Has anyone noticed that the hero of the night (i..e. Moses) seems to be missing in this whole story? His name is only mentioned once (some hagadas even skip this part!) and there he is only mentioned ‘as the servant of Hashem’? How can this be? In the Torah his name is everywhere! Imagine the Ten Commandments without Moses!? The idea here is that Moshe is not the star on Seder night, the star of the night is God and only Him. It is a night of growing and building our faith, emunah, in something Higher than man. Sitting down with grandparents who sat at their grandparent's tables (some of who had Seders in the worst conditions imaginable (my grandparents had seder on a boat from Shanghai, China after the War--I believe the US delivered matzohs to Hawaii!) and focusing on the Star of the night, which is none other than Hashem. This might be why the final plague is death, as that is a time when most people realize how powerless they are in the greater scheme of life. The goal of the night in one sentence is to instill within our children and within ourselves that Hashem is always there for us even in the most difficult of circumstances and even when it seems like we can never get out of such a bad situation, Hashem is always there for us. (R’ Yoni Henner, Jerusalem)

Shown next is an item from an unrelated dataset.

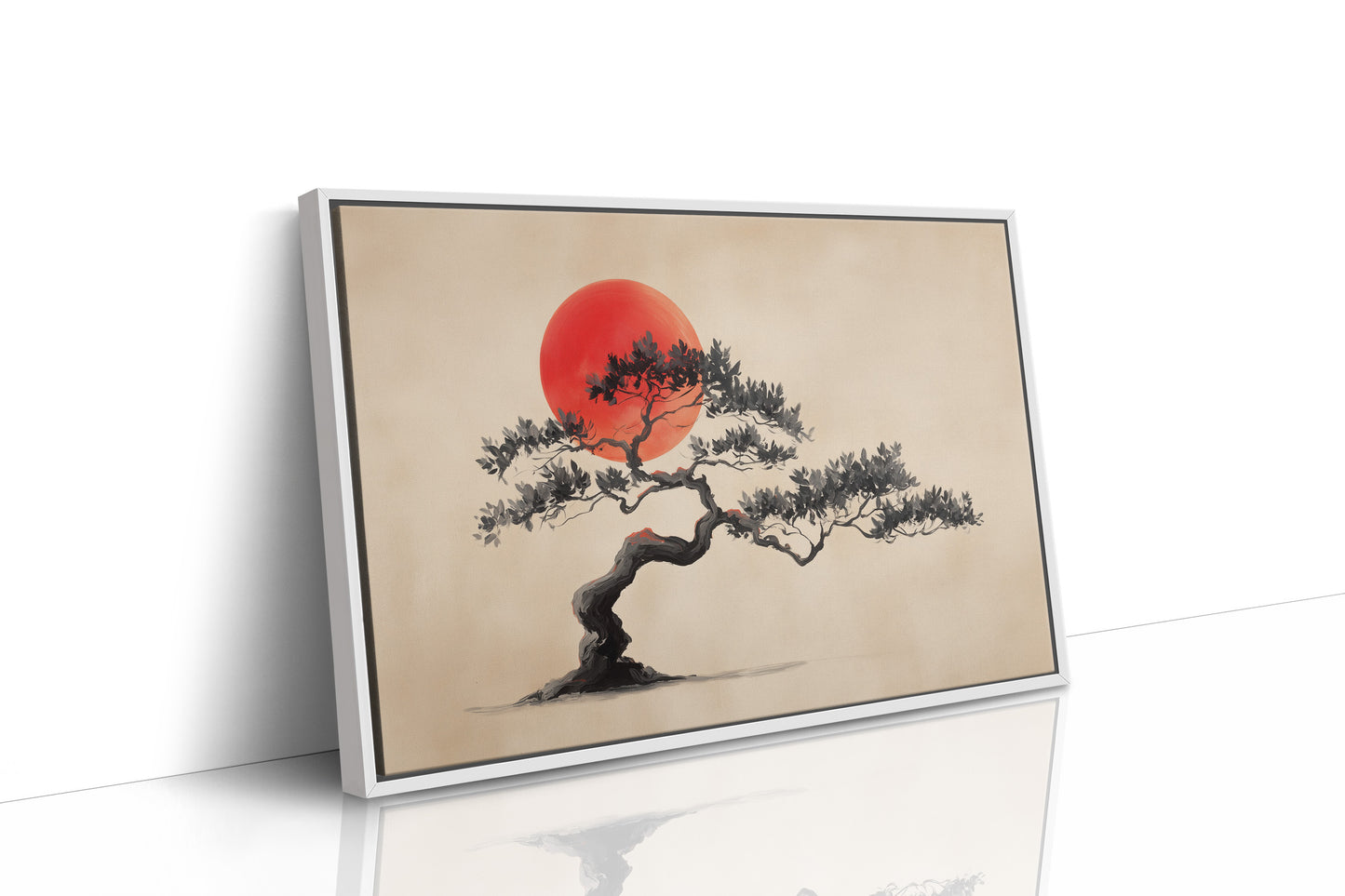 Crimson Harmony: Bonsai Beneath Blood Moon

Egypt: Asphyxiation of the soul.

The word for Egypt in Hebrew is Mitzrayim. Those same letters produce Metzarim -- boundaries. Mitzrayim represented not only a profoundly debased spiritual level, but limitations. If you don't have room to breathe, life can begin to feel suffocating, like the mikvah on erev rosh hashana. Pesach is the holiday for breaking through those limitations, for breaking free of all those things that imprison us, for moving through the spiritual barriers, peer pressures and distractions that life (and Tivo) can throw at us. If we realize that this is the time to feel alive again then the next 8 days will be like waking up to no school on a snow day. FREEDOM!